LOURENÇO DO ROSÁRIO'

Quando um encontro como este serve para comemorar a indepen­dência de um Pais, Moçambique, e quando ao mesmo tempo se colocam diversas interrogações sobre o rumo que os países africanos podem tomar, é natural que seja necessário procurar reflectir sobre os factores que even­tualmente bloqueiam os processos de govemação africana de forma a que os seus povos possam aspirar a viver em paz com os seus dirigentes e na sua terra.

A colonização portuguesa, contrariamente àquilo que os directos interessados pretendem fazer crer, não foi, quanto à natureza, diferente de outras colonizações européias, em África.

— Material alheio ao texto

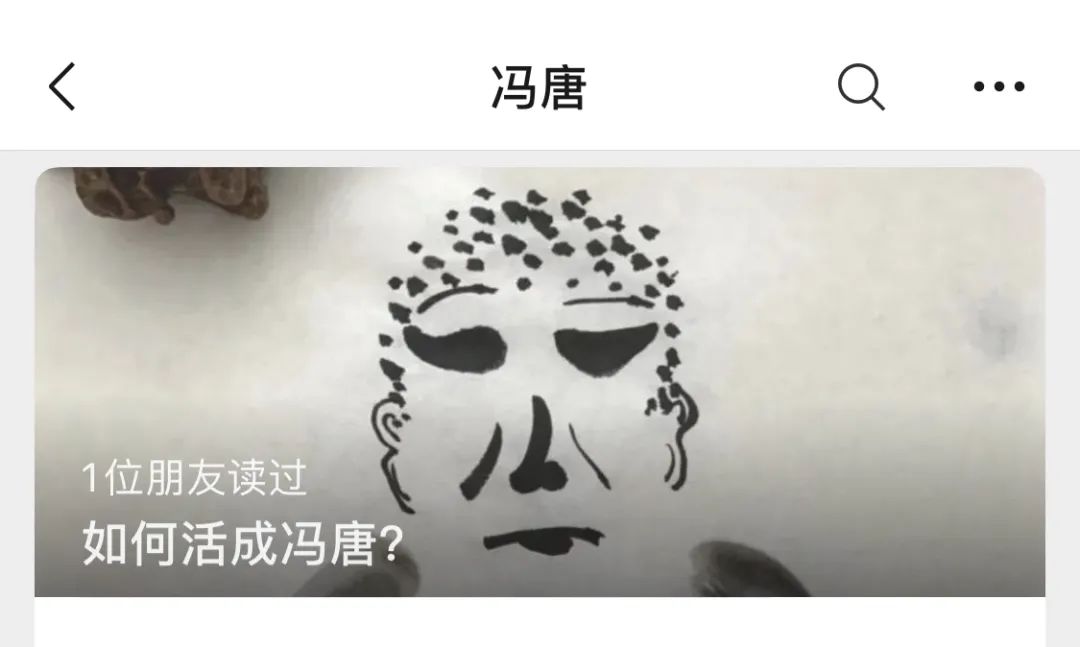 凡尔赛文学解决了人类无处安放的装X需求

Podemos afirmar que as diferenças se situam no estilo. Deste modo, a aparente tolerância racial tão propalada pelas autoridades coloniais, defendida, inclusivamente, por certos antropólogos ao seu serviço, coadunava-se com o estágio de desenvolvimento sócio cultural em que se encontrava a maior parte dos agentes da colonização portuguesa, em Moçambique, como, de resto, nas restantes colônias portuguesas, em África.

A formação sôcio-cultural do povo de Moçambique, enquanto grupo social que ocupa um espaço geográfico determinado, fez-se ao sabor das vicissitudes e precariedades do sistema colonial que um país pobre como Portugal podia oferecer, econômica, histórica, social e culturalmente.

Toda a História da colonização de Moçambique transporta consigo os dados fundamentais dos problemas que hoje se vivem: um País geograficamente recortado e por conseqüência, de difícil e cara dotação de infraestruturas adequadas para o seu desenvolvimento, com uma taxa de analfabetos que praticamente inviabiliza qualquer projecto de desenvolvimento que passe pela necessidade de recursos humanos minimamente preparados para o efeito, bem como uma descontinuidade etno-cultural que favorece mais as forças centrífugas.

Departamento de Estudos Portugueses.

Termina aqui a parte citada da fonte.